一方翻訳システムとして“単語に基づく統計翻訳" がある.単語に基づく統計翻訳は,学習データとして対訳文を与えるだけで翻訳ができる.このため,翻訳にかかるコストが低い.さらに,対訳文から単語辞書と単語翻訳確率を自動的に得ることが可能である.
江木らは,パターンに基づく統計翻訳を考案した.パターンに基づく統計翻訳は,統計的手法を用いて,対訳句と句レベル文パターンを自動作成して翻訳を行う.しかし,この手法は翻訳精度が低い.原因の一つとして,不適切な対訳句が翻訳時に選択されていることが挙げられる.また,翻訳時の対訳句の選択にはフレーズ確率を使用している.

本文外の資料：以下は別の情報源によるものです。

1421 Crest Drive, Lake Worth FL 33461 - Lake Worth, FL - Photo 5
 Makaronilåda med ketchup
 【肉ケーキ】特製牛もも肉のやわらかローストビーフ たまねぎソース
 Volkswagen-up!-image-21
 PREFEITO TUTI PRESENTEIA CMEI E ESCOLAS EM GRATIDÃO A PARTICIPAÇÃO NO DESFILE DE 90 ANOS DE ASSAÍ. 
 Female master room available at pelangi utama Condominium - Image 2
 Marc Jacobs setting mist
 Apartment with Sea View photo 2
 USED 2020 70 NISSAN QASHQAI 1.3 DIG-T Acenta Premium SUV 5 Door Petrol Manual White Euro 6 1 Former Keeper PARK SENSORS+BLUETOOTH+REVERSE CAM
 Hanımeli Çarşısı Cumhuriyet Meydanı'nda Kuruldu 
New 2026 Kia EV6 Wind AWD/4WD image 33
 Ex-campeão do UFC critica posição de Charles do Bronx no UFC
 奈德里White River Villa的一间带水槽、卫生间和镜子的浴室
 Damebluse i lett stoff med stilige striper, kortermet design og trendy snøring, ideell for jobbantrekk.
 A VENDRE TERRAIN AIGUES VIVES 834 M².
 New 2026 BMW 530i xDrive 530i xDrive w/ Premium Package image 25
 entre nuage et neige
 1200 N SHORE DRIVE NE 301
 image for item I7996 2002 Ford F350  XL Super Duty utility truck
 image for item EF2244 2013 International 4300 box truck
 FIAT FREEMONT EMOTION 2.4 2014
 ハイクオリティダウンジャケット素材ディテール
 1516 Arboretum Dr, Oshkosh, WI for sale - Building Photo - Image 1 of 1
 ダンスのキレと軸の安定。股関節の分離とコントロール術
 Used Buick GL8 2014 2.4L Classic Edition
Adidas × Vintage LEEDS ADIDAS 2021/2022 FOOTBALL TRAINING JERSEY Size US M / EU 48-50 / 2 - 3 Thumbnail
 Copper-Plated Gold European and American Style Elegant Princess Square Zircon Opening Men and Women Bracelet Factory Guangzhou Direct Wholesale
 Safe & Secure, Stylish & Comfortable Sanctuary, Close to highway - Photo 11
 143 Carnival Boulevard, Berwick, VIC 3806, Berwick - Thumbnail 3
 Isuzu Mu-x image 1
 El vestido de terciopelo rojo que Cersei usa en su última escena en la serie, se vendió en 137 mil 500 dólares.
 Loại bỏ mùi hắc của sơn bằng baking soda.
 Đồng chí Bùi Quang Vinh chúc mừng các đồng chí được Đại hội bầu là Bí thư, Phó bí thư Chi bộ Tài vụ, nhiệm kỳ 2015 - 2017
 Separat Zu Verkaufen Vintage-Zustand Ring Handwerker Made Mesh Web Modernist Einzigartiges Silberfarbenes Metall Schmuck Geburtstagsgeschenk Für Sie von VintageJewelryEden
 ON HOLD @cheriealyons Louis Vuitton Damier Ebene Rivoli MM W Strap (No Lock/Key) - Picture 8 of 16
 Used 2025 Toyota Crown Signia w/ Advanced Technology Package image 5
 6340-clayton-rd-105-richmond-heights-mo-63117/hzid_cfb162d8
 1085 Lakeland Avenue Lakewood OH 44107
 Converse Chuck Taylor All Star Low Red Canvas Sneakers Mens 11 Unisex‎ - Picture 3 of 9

本研究では,翻訳精度の向上を目的とし,翻訳時の対訳句の選択における二つの手法を提案する. 一つ目は,フレーズ確率の総積を使用する手法である. 二つ目は,Dice係数と類似度の積を使用する手法である. この二つの手法とフレーズ確率を対訳句の選択に使用する翻訳(以下,従来手法)で比較実験を行った.
出力文の精度を比較評価した結果、フレーズ確率の総積を使用する手法の出力文が最も精度が良いことがわかった. しかし従来手法と大きな差がないことも分かった.